You'll see in my comment and your quote that I don't say the brain can't
compute. I agree, the brain can compute. But that doesn't mean it _is_ a
computer, because computing is an _ability_. People can do many other things
aside from computing, none of which rely on computation, for instance they can
imagine, which is the ability to think new thoughts. Computers _can 't
imagine_ because all they do is compute: that's their programming. No amount
of programming can produce imagination. Computation and imagination are
categorically distinct as different intellectual powers and abilities.

You are conflating an _ability_ with _ontology_. We know what a brain is. It's
a collection of fatty material with neurons that _do not_ explicitly fire
exactly like a computer. Key word there is _like_. Church-Turing built a
_model_ of computational logic off of _intuitions_ about the brain and formal
mathematical logic. That's it's not provable doesn't prove your point; it
removes any distinction between it being right _or_ wrong: because it is a
model (lets make something _like_ the brain).

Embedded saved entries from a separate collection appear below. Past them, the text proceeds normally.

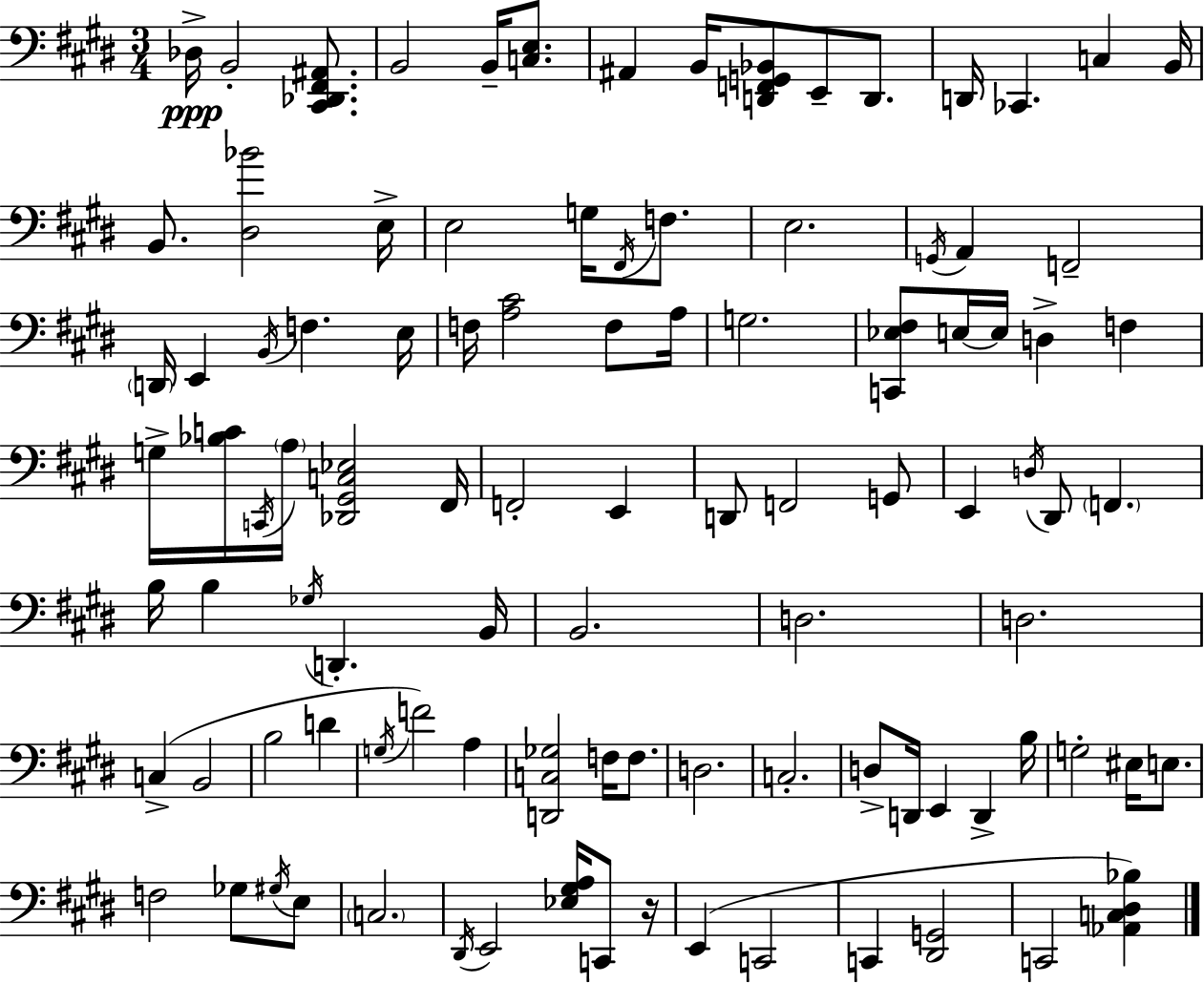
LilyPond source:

{
  \clef bass
  \numericTimeSignature
  \time 3/4
  \key e \major
  des16->\ppp b,2-. <cis, des, fis, ais,>8. | b,2 b,16-- <c e>8. | ais,4 b,16 <d, f, g, bes,>8 e,8-- d,8. | d,16 ces,4. c4 b,16 | \break b,8. <dis bes'>2 e16-> | e2 g16 \acciaccatura { fis,16 } f8. | e2. | \acciaccatura { g,16 } a,4 f,2-- | \break \parenthesize d,16 e,4 \acciaccatura { b,16 } f4. | e16 f16 <a cis'>2 | f8 a16 g2. | <c, ees fis>8 e16~~ e16 d4-> f4 | \break g16-> <bes c'>16 \acciaccatura { c,16 } \parenthesize a16 <des, gis, c ees>2 | fis,16 f,2-. | e,4 d,8 f,2 | g,8 e,4 \acciaccatura { d16 } dis,8 \parenthesize f,4. | \break b16 b4 \acciaccatura { ges16 } d,4.-. | b,16 b,2. | d2. | d2. | \break c4->( b,2 | b2 | d'4 \acciaccatura { g16 }) f'2 | a4 <d, c ges>2 | \break f16 f8. d2. | c2.-. | d8-> d,16 e,4 | d,4-> b16 g2-. | \break eis16 e8. f2 | ges8 \acciaccatura { gis16 } e8 \parenthesize c2. | \acciaccatura { dis,16 } e,2 | <ees gis a>16 c,8 r16 e,4( | \break c,2 c,4 | <dis, g,>2 c,2 | <aes, c dis bes>4) \bar "|."
}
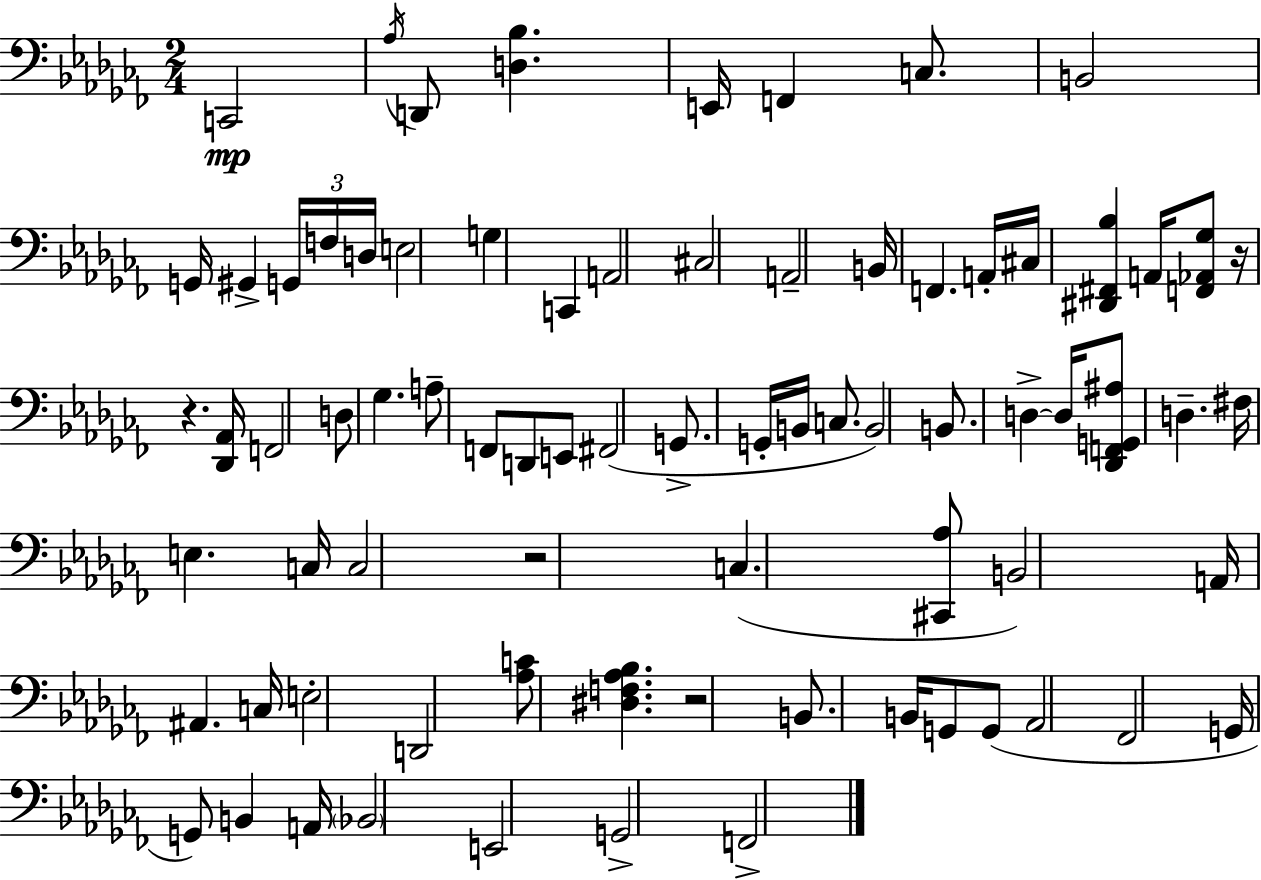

That an industry was built on computation doesn't prove anything. We know
computation is an ability. For instance it's also something we can do with
abacuses. We could have built an enormous industry on building elaborate
abacuses. We built computers do be extremely fast at computation. We didn't
build computers to be brains.

You'll notice, if you read the review, that the author of the review
repeatedly cites cognitive neuroscientists, even evangelists of the
singularity, philosophers, psychologists, and zoologists, who have published
at length on this topic and repeatedly critcise and disrupt the simple idea
that the brain is a computer or an algorithm or even a machine. An entire
branch of philosophy developed off of Ludwig Wittgenstein to counter the
computational model of consciousness. Numerous books in the Philosophy of Mind
argue that the assumption that the brain is a computer is not just
unsupported, it is logically nonsensical.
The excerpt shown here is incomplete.